SECOND QUARTER GDP HOBBLES STERLING
Investors are still nervous about sterling after Britain’s economy shrank by more than expected in the second quarter of the year. Canadian interest rates remain steady for another month.
Sterling continued last week’s downward trek at roughly the same pace. With minor variations it headed southeast from $1.82 on Monday to $1.7750 on Friday. A bounce this morning took it to $1.7850 in time for London’s opening.
The FX market was not alone in feeling the stultifying effects of the summer slowdown. Price movements were either dampened by lack of interest or intensified by lack of liquidity. Sterling did not have a particularly easy run.

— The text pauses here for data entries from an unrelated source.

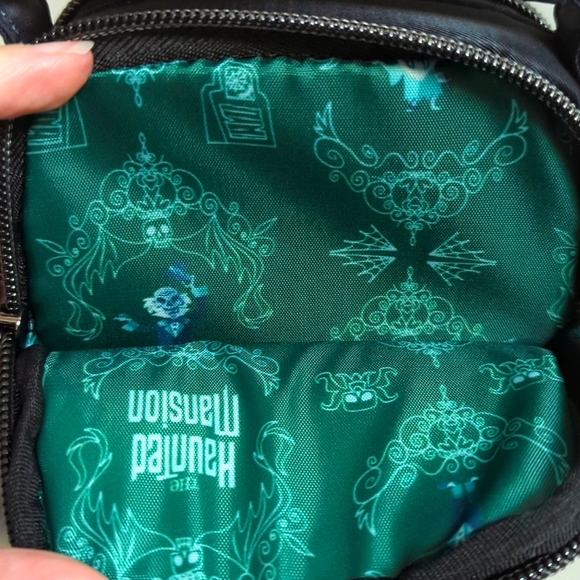 Walt Disney Parks Lug Crossbody Belt Bag Haunted Mansion - Picture 7 of 7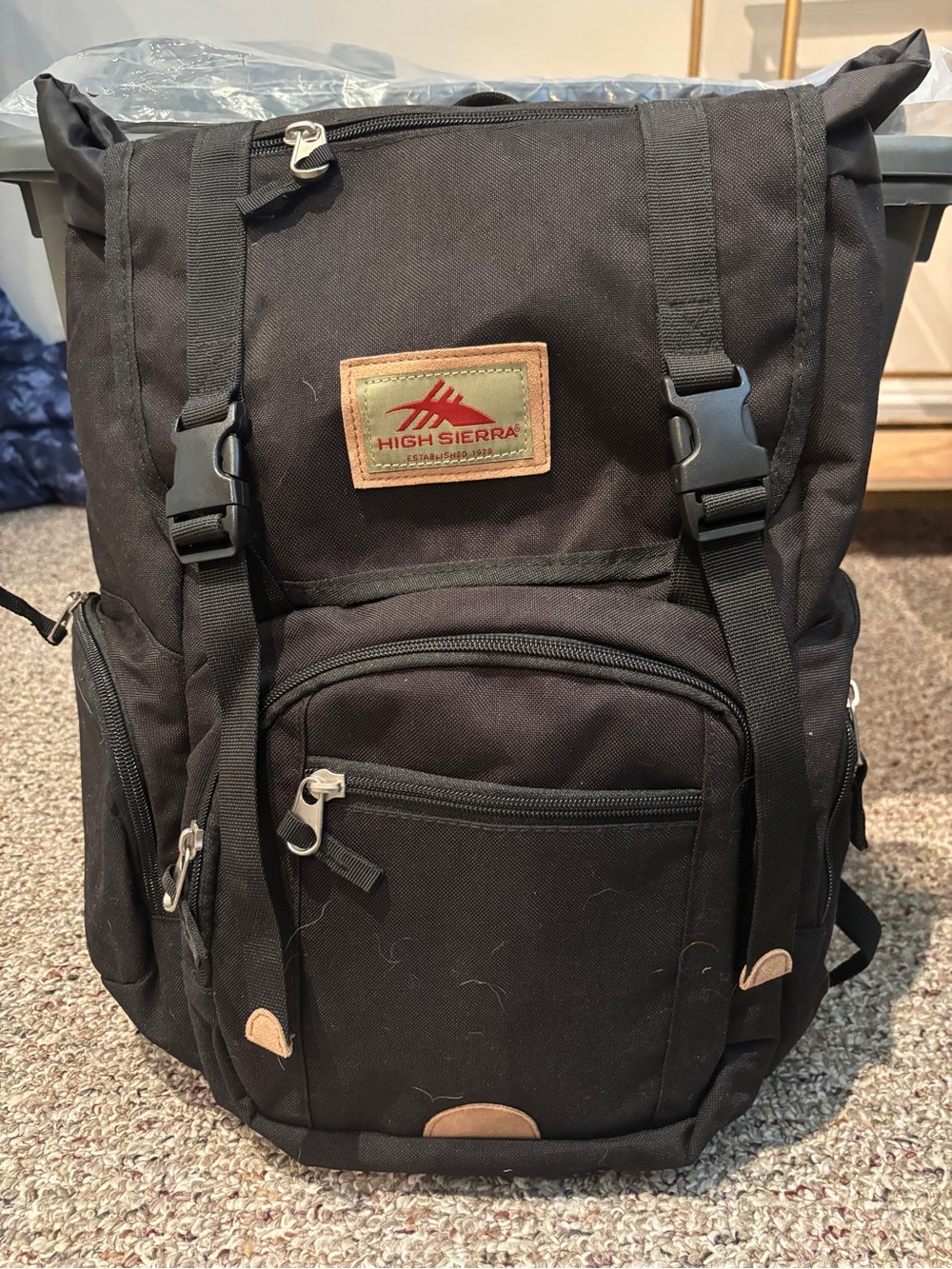 High Sierra Emmett Backpack Black Roll-Top Backpack with Front Pockets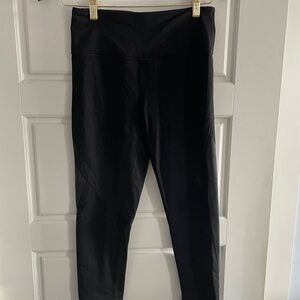 Victoria Sport leggings small
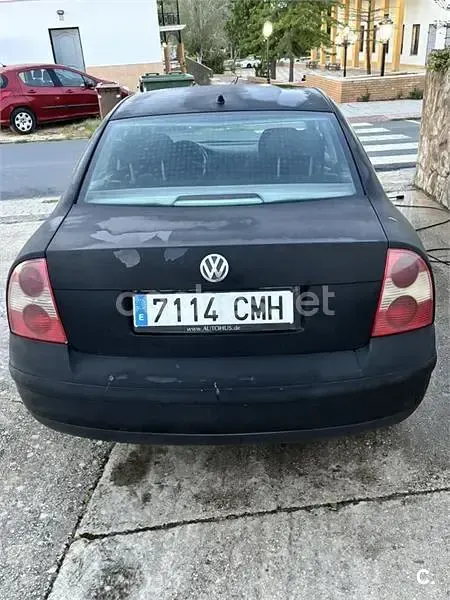 Begagnad VW Passat Trendline 130 HK (95 kW) 2001 Svart Sedan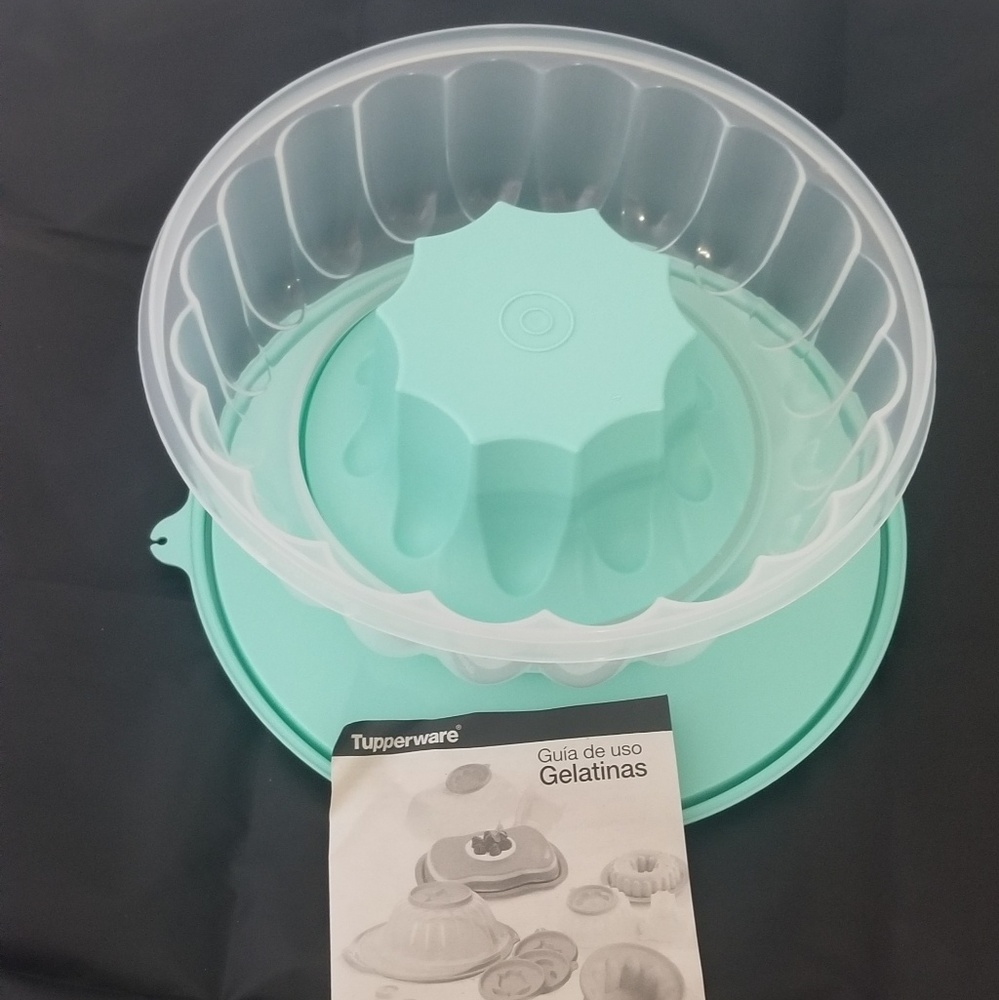 Tupperware Gelatin bowl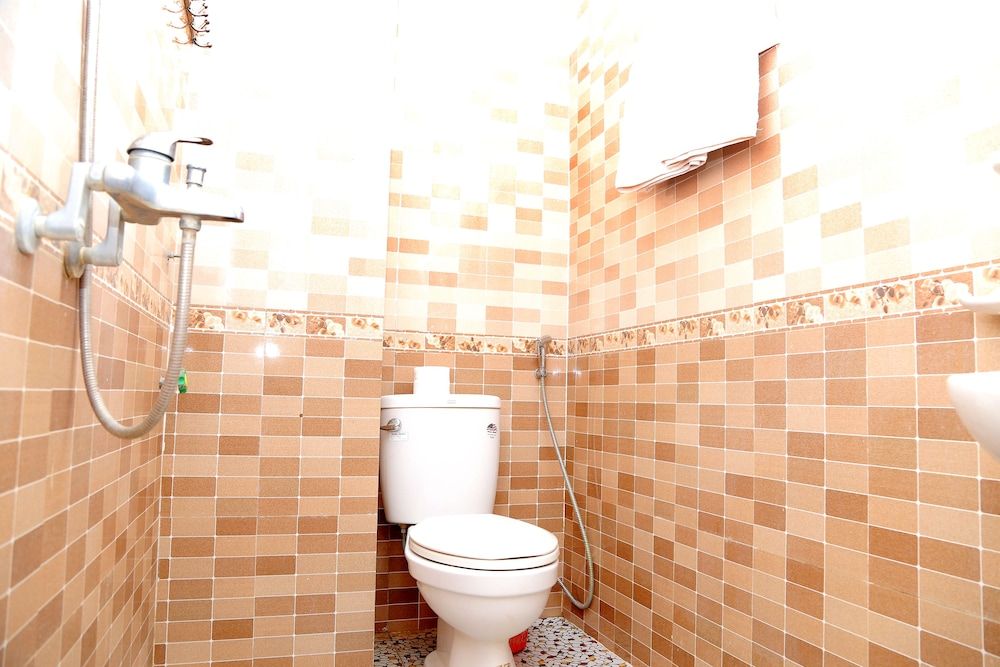 Thien Thanh Hotel Deluxe Double Room 4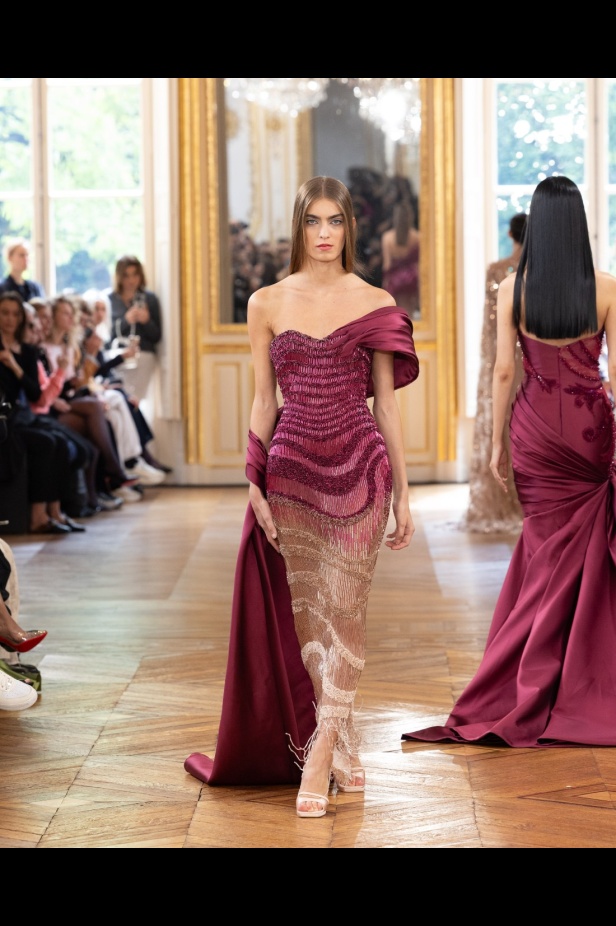 طوني ورد يستوحي مجموعة الأزياء الراقية من التنكر الغامض ويقول لـ"هي": بعض الفساتين استغرقت أكثر من 500 ساعة عمل يدوي (فيديو)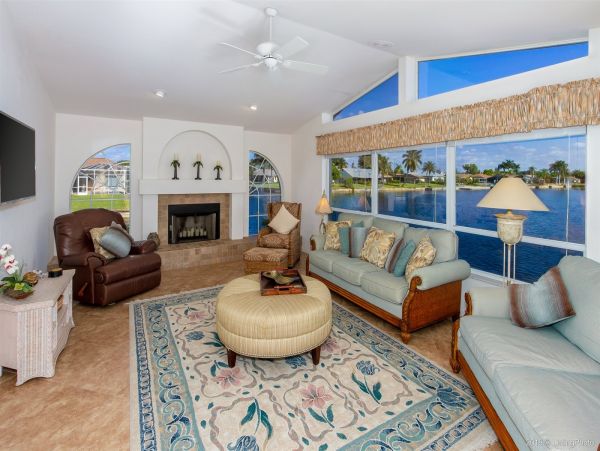 Cape Coral Home 975651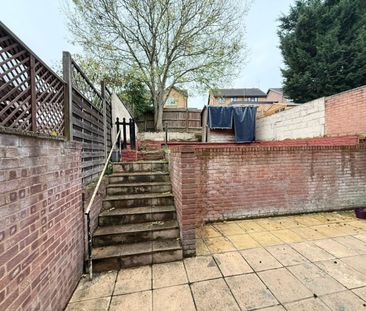 3 bed Mid Terraced House for Rent - Photo 5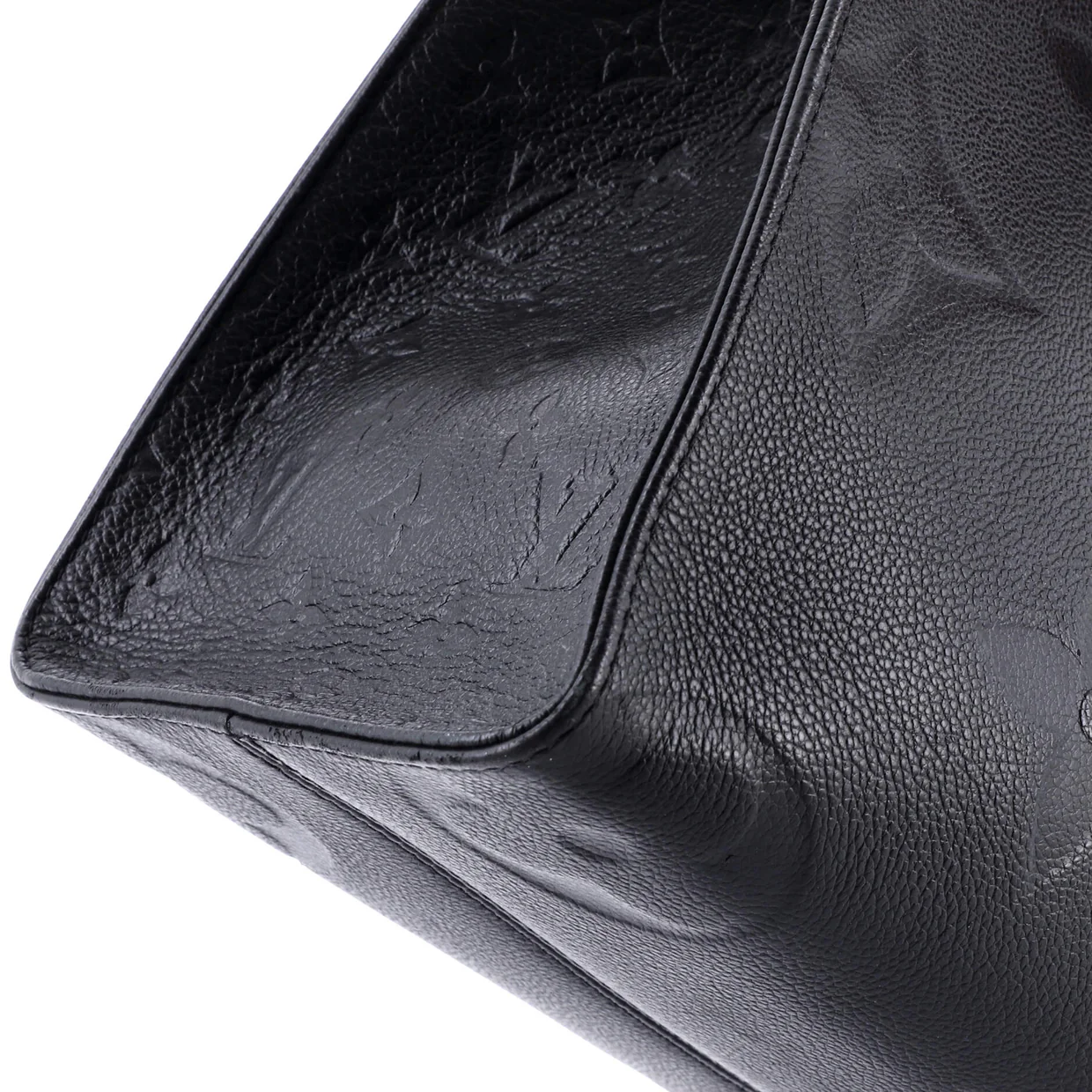 OnTheGo Tote Monogram Empreinte Giant MM - Deep Luxury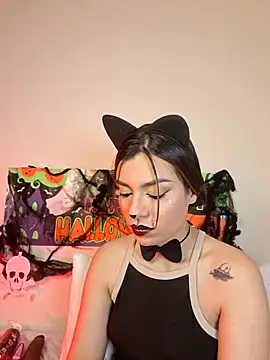 AmaiaSalvatore online show from October 29, 2025, 11:14 pm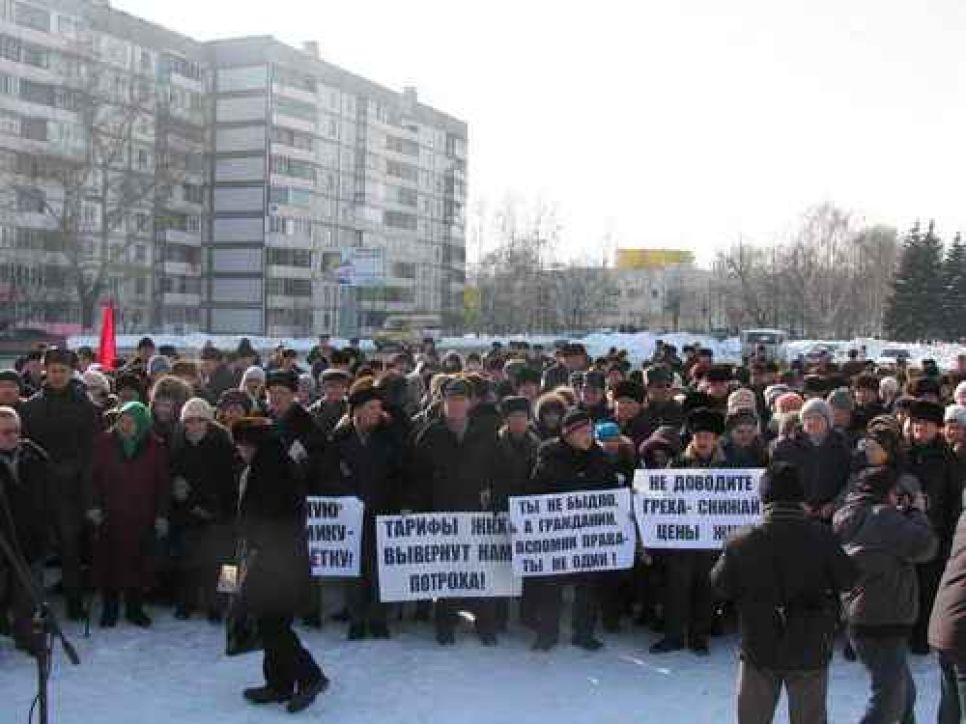 "Не доводите до греха - снижайте цены в ЖКХ!": в Бийске прошел
митинг против роста тарифов на услуги ЖКХ и продукты питания.
Фото.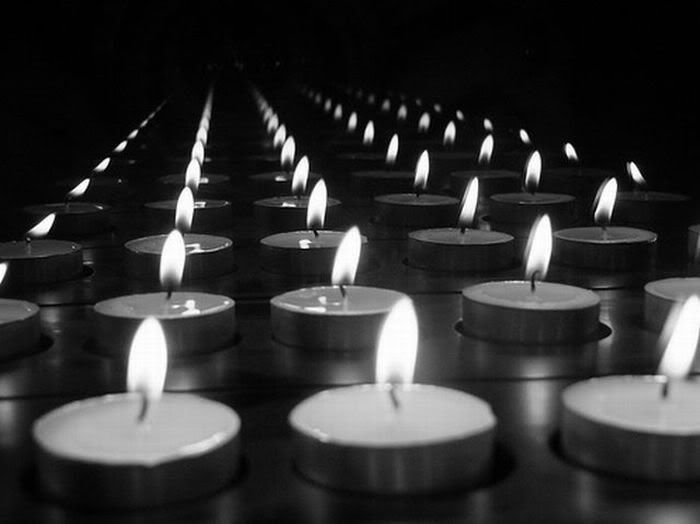 1253162285_black_and_white_28.jpg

The week began with news that Treasury revenues fell by more than £30 billion in the last tax year. Expenditure had clearly gone up so investors were left to fret about what the government was going to do about the mismatch.
Wednesday’s Monetary Policy Committee’s minutes failed to provide sterling bears with any ammunition. There was no hint that the Bank of England would extend its Asset Purchase scheme – “printing money” as some would have it – beyond the £150 billion already earmarked. Even the last £25 billion of that is not yet committed to the programme.
That revelation was good for sterling, as was the following day’s retail sales figure for June. Sales were up by 1.2% on the month and 3% higher than a year earlier. It was a different story on Friday, however. Every three months the Office of National Statistics correlates all the available information to see how the British economy as a whole has performed. For the first three months of the year investors already knew that Gross Domestic Product shrank by -2.4%. They were expecting the first estimate of second quarter GDP (it will be revised a couple of times before the final figure) to show a much smaller -0.3% contraction. What they got was a -0.8% shrinkage, more than twice the forecast decline. Not surprisingly, sterling took a hit.
Canada was more forthcoming than some others with its supply of data last week but the Loonie’s main driver was the market’s growing appetite for “risk”. The Canadian, New Zealand and Australian dollars all outperformed the pound as investors broadened their net. On the data front Canadian retail sales did better than wholesale sales, rising by 1.2% in the year to may while wholesale sales drifted -0.3% lower. The Bank of Canada did exactly as expected at its monthly meeting, leaving the policy interest rate steady at o,25%.
Still in its recent range of $1.75-$1.85 the pound is going nowhere fast. Having failed to push past $1.92, the pound clearly has no secret reserves of power. The $1.75 support level could well be the next port of call. With sterling well off its highs buyers of the Canadian dollar should protect themselves with a 50% hedge.